# Brief
Where the records below show a line containing "Merry Christmas Snow GIF by coffeekult", start copying; end with the line containing "Studded Double Zipper Faux Leather Handbag", and copy it too.

[Listed records — start]

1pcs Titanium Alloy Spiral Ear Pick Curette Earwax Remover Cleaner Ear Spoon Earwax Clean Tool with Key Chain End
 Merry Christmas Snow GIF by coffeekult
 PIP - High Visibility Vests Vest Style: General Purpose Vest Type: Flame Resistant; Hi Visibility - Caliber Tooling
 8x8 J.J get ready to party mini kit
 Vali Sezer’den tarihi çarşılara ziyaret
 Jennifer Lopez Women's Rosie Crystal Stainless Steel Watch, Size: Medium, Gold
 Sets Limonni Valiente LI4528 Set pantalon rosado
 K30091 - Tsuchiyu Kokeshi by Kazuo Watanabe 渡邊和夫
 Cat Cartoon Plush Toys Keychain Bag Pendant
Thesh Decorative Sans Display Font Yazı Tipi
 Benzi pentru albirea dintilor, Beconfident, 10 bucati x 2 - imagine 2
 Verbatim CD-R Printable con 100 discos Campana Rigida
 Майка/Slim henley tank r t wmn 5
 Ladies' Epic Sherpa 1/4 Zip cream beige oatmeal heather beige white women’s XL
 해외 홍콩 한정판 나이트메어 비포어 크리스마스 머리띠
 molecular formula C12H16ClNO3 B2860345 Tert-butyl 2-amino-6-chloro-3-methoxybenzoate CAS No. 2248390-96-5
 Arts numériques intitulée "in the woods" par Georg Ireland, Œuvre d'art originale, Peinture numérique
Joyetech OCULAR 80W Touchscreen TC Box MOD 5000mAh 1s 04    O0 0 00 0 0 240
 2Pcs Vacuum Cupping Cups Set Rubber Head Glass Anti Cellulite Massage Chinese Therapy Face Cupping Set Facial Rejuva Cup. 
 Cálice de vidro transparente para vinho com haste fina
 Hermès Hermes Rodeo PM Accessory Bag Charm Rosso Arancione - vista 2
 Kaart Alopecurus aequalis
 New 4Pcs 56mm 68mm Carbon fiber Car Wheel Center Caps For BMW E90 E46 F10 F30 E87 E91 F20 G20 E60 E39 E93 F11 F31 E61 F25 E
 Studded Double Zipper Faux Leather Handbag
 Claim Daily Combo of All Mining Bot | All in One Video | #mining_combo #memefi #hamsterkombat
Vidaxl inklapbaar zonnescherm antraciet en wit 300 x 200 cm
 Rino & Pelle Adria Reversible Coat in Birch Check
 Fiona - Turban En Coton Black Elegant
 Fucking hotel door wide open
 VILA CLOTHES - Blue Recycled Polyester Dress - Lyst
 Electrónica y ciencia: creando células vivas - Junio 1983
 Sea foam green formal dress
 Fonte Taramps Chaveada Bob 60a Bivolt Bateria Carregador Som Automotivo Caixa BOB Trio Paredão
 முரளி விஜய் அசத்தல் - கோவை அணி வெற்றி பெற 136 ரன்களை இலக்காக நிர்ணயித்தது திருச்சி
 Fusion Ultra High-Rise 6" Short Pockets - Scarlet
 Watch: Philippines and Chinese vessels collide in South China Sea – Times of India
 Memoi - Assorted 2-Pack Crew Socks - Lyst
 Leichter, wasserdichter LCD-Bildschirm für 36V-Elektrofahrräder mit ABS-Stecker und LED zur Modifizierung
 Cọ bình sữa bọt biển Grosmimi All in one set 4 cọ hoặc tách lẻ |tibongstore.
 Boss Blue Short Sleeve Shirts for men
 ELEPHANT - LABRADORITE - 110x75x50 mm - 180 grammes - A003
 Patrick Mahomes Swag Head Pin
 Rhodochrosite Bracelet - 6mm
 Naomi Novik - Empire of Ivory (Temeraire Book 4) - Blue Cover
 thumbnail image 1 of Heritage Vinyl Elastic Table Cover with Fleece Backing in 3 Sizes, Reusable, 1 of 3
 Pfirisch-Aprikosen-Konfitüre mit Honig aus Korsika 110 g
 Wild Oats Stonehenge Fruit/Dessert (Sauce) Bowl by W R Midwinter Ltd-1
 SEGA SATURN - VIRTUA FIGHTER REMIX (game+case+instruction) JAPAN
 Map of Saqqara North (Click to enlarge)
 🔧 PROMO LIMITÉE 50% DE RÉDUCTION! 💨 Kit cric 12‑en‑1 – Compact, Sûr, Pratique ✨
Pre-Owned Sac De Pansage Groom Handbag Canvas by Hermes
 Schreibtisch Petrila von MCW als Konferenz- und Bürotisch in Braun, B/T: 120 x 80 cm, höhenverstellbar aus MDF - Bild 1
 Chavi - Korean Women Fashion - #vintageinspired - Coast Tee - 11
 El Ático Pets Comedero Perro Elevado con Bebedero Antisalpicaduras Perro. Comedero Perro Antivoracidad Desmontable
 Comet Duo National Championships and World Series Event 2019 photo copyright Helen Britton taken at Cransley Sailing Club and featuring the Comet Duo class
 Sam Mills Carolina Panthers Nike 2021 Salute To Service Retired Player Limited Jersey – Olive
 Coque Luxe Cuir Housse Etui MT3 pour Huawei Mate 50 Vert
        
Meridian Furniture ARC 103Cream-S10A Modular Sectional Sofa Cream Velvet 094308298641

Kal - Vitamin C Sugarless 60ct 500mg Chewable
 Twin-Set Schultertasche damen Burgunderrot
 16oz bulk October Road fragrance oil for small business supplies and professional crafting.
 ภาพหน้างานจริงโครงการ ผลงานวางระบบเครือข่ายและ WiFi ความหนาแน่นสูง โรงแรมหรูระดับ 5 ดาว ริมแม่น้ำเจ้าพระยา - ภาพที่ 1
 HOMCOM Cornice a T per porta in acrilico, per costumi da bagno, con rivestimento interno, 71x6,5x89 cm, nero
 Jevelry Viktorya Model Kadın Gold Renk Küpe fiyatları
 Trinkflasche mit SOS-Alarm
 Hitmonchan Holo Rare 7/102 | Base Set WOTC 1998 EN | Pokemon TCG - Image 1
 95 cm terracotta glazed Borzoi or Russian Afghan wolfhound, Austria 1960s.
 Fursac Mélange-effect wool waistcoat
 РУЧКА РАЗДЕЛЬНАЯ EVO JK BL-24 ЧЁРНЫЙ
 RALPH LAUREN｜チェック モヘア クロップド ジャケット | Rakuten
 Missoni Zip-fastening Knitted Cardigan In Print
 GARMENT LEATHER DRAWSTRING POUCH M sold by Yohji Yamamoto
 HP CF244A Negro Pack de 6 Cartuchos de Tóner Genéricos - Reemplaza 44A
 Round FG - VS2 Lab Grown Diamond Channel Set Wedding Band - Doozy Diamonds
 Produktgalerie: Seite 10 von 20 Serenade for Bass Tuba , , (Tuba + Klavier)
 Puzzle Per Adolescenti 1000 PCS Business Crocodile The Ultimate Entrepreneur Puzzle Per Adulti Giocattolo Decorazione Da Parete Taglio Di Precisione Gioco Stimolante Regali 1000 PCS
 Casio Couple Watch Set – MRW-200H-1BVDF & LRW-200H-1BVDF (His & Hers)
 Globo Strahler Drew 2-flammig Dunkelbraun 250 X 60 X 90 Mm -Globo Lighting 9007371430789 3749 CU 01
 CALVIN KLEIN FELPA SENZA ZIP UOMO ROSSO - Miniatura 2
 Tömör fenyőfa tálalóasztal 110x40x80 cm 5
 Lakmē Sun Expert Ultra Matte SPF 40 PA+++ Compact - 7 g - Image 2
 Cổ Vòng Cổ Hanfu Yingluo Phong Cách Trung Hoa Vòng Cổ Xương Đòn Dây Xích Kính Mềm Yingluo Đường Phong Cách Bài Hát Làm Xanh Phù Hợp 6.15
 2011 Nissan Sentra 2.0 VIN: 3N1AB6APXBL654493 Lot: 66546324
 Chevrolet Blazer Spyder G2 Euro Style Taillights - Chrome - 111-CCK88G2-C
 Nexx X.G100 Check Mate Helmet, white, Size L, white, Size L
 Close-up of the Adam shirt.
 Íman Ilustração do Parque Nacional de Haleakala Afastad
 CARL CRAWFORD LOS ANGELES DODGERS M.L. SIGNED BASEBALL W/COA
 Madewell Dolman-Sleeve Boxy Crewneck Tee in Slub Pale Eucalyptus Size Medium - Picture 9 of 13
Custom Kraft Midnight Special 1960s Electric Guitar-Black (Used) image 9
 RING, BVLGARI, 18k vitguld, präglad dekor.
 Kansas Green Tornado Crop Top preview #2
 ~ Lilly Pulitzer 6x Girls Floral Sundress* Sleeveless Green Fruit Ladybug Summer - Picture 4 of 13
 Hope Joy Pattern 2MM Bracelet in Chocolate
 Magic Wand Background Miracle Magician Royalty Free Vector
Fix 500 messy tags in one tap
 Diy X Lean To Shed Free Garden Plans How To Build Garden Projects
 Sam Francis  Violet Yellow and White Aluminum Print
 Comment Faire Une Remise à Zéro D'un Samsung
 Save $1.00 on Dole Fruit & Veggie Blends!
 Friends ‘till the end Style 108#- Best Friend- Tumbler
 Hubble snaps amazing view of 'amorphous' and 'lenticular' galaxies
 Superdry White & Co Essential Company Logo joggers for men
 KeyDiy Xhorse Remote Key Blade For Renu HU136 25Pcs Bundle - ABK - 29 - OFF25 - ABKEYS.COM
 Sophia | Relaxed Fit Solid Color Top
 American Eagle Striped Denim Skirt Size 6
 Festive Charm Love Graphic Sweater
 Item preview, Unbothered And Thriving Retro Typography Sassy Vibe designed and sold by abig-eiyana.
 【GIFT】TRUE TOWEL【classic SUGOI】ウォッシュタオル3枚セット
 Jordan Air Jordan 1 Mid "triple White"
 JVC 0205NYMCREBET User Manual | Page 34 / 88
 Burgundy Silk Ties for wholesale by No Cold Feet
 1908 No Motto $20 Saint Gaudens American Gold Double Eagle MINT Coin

[Listed records — finish]

# Solution to this problem
 Merry Christmas Snow GIF by coffeekult
 PIP - High Visibility Vests Vest Style: General Purpose Vest Type: Flame Resistant; Hi Visibility - Caliber Tooling
 8x8 J.J get ready to party mini kit
 Vali Sezer’den tarihi çarşılara ziyaret
 Jennifer Lopez Women's Rosie Crystal Stainless Steel Watch, Size: Medium, Gold
 Sets Limonni Valiente LI4528 Set pantalon rosado
 K30091 - Tsuchiyu Kokeshi by Kazuo Watanabe 渡邊和夫
 Cat Cartoon Plush Toys Keychain Bag Pendant
Thesh Decorative Sans Display Font Yazı Tipi
 Benzi pentru albirea dintilor, Beconfident, 10 bucati x 2 - imagine 2
 Verbatim CD-R Printable con 100 discos Campana Rigida
 Майка/Slim henley tank r t wmn 5
 Ladies' Epic Sherpa 1/4 Zip cream beige oatmeal heather beige white women’s XL
 해외 홍콩 한정판 나이트메어 비포어 크리스마스 머리띠
 molecular formula C12H16ClNO3 B2860345 Tert-butyl 2-amino-6-chloro-3-methoxybenzoate CAS No. 2248390-96-5
 Arts numériques intitulée "in the woods" par Georg Ireland, Œuvre d'art originale, Peinture numérique
Joyetech OCULAR 80W Touchscreen TC Box MOD 5000mAh 1s 04    O0 0 00 0 0 240
 2Pcs Vacuum Cupping Cups Set Rubber Head Glass Anti Cellulite Massage Chinese Therapy Face Cupping Set Facial Rejuva Cup. 
 Cálice de vidro transparente para vinho com haste fina
 Hermès Hermes Rodeo PM Accessory Bag Charm Rosso Arancione - vista 2
 Kaart Alopecurus aequalis
 New 4Pcs 56mm 68mm Carbon fiber Car Wheel Center Caps For BMW E90 E46 F10 F30 E87 E91 F20 G20 E60 E39 E93 F11 F31 E61 F25 E
 Studded Double Zipper Faux Leather Handbag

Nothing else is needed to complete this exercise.